Irak.- El cálculo y la contención han caracterizado la larga rivalidad entre Estados Unidos e Irán, con agresiones más o menos encubiertas o vía intermediarios, evitando un ataque directo e inequívoco contra civiles o militares que desencadenara un conflicto bélico abierto en la región. Esa tradición saltó por los aires con un misil lanzado desde un dron MQ-9 Reaper la madrugada del viernes junto al aeropuerto de Bagdad.
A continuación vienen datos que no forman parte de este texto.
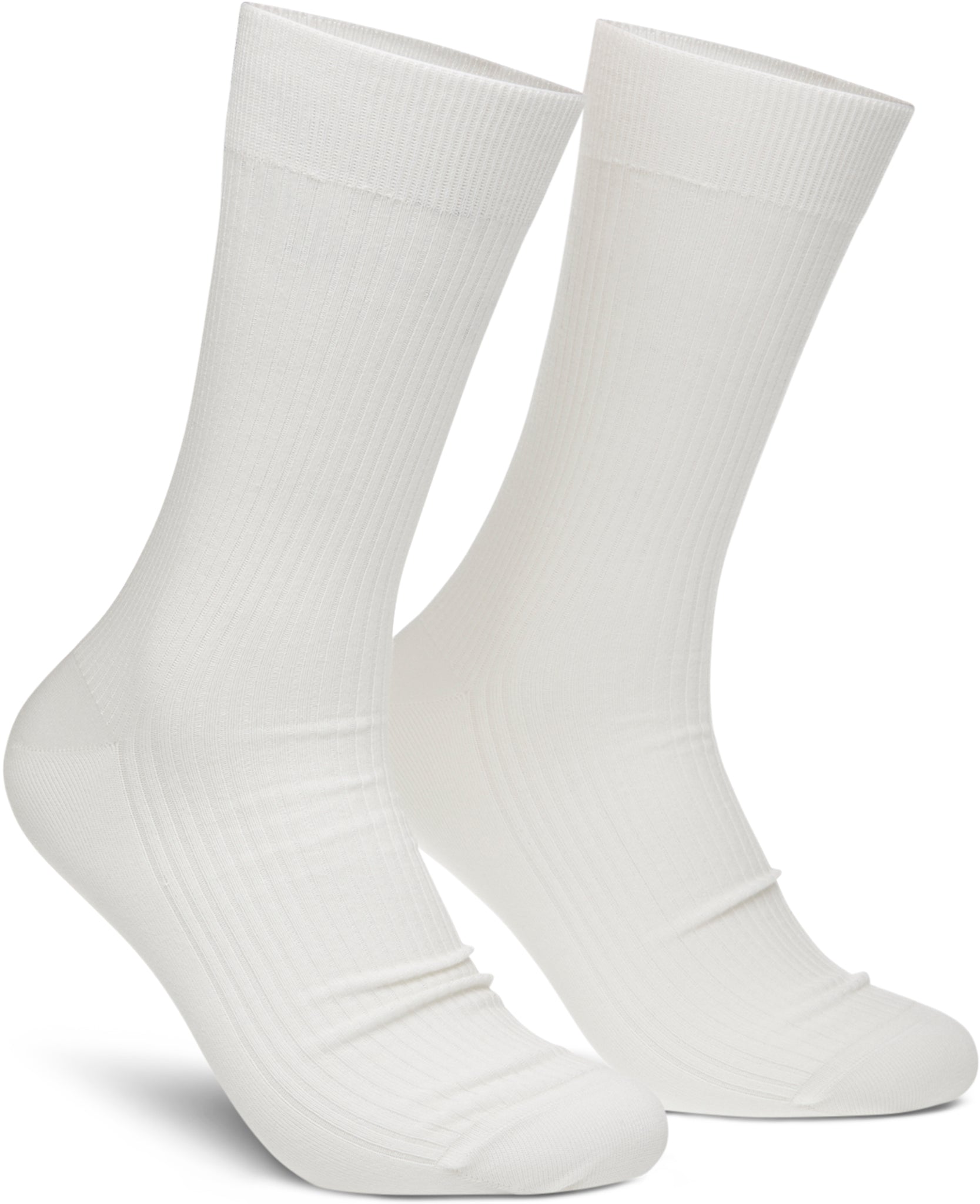 Classic Organic Sock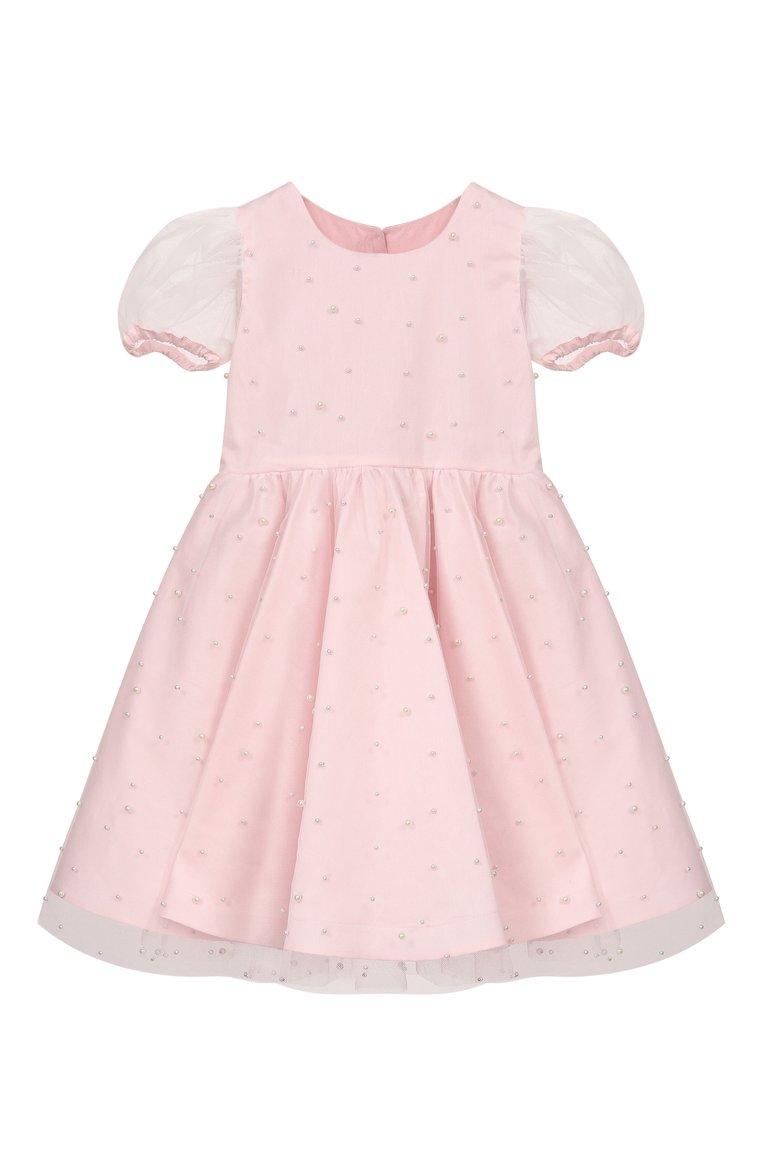 https://st-cdn.tsum.com/sig/f3ed96dc04b89d4f2057c736199ecaca/width/763/i/bb/d2/23/8b/2fc47d90-09d6-42bc-ac55-e8b803839448.jpg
Con la orden de disparar ese misil, el presidente Donald Trump no solo eliminaba a un enemigo de Estados Unidos, el temido y poderoso general iraní Qasem Soleimani, sino que renunciaba a uno de los que han sido los pilares de su política exterior: el compromiso de sacar al país de las “guerras eternas” en Oriente Próximo. De momento, el Pentágono ha anunciado el envío de un refuerzo de 3.500 efectivos a una zona de la que prometió traer a casa a sus soldados. Las ondas sísmicas del quirúrgico ataque sacuden un tablero mundial que tres años de Administración Trump poco han hecho por estabilizar.
UN OBJETIVO FÁCIL
Al contrario que Osama bin Laden o Abubaker al Bagdadi, líderes de Al Qaeda y del Estado Islámico ejecutados por Estados Unidos en el pasado, el comandante de la fuerza de élite Al Quds de la Guardia Revolucionaria iraní, unidad a cargo de las operaciones en el exterior, no era un objetivo demasiado difícil.
Su paradero era conocido, se movía a la luz del día, no evitaba los focos. Los dos anteriores presidentes tuvieron encima de la mesa la opción de eliminarlo, pero se resistieron por temor a entrar en una guerra.